Thursday, September 22, 2011

Destruction

Culinary Arts Level One Lesson Eleven. The Potato. Finding a purposely lost friend - Mandoline. Destruction of my finally normal looking hands, fingers, and nails.

Culinary school is not a girly-girl’s friend. There are no long nails. No fake nails. No polish. So forget weekly manicures... which was, at first, A-OK by me because I have no longer have the money to spend on them. But my hands looked terrible. I had working hands! But finally, after a week of cuticle oil and buffing, Wednesday morning I thought "hey, my nails are looking OK and I'll be able to paint them for tomorrow's gala". Then came Wednesday evening and the Mandoline. Four nice slices on the sides of my thumbs that bled through four bandaids. Three missing fingernails.

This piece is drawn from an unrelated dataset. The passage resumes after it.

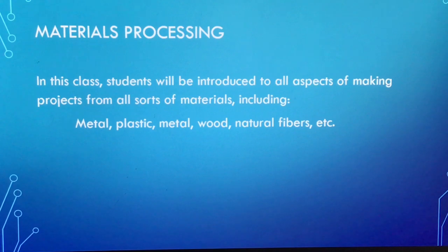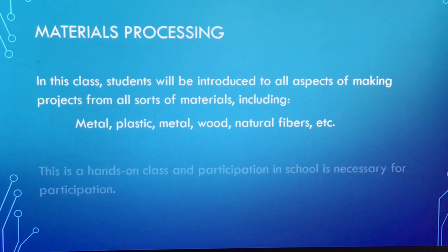Metal, plastic, wood, natural fibers, glues, epoxies, resins — you name it. We try to talk about as many different materials as possible, how they can go together, and what we can possibly make out of them.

Mandolines are some chefs best friends. They provide for quick, even taillage. The mandolines I have come into contact with are my WORST enemy. Particularly when, both in the case of family holidays and culinary education, the mandoline is unloved. The photos below are from Christmas 2010. My three sisters and I were responsible for slicing potatoes for four bowls of au gratin potatoes. We rotated the mandoline, the blood, and the bandaids. 

Christmas Day 2010

Sisters showing off our battle wounds
Old. Blunt. Bent. Etc. Chef tells us (quite honestly) that these mandolines are crap. "You get what you pay for" he says. He recommends purchasing a $200 version and you'll have it for life. Add that to my Amazon.com wishlist.

My favorite recipe from the day was for the Gratin Dauphinois. It reminds me of the gratin we made at Christmas.

Gratin Dauphinois (Recipe adapted from The International Culinary Center Classic Culinary Arts Level One text book)
Yields: 4 Servings (but easily scalable).

Ingredients
6 oz milk
6 oz cream
Salt and pepper, to taste
Nutmeg, freshly grated
1 lb 2 oz firm Idaho potatoes
1 garlic clove, halved
1 oz Gruyere cheese, grated

Procedure
1. Put the milk and cream (we used 12 oz cream) into a sautoir, bring close to a boil, and remove from the heat. Season to taste with salt, pepper, and nutmeg.
2. Peel the potatoes. Cut into slices 2-3 mm thick. Place the sliced potatoes into the warm milk-cream mixture as they are sliced.
Note: We actually cut the potatoes and layered them, alternating with salt, pepper, and cheese into the sautoir and then added the cream on top. For small quantities, this works better and is more visually appealing, but you wouldn’t want to do that with 200 potatoes!
3. Once all of the potatoes are in the mixture, return it to the heat. Bring to a simmer over medium heat, stirring carefully so that nothing sticks to the bottom of the pan. Cook until the liquid is thick.
4. Rub a gratin dish with the split garlic clove. Pour the potatoes and just enough liquid to cover them into the dish, layering evenly.
5. Sprinkle the top with grated cheese. Cover with lid or foil.
6. Place the gratin into a 375 degree oven and bake for at least 30 minutes, or until the potatoes are tender.
7. Remove lid and allow to brown. Put under broiler if necessary.
8. Serve warm.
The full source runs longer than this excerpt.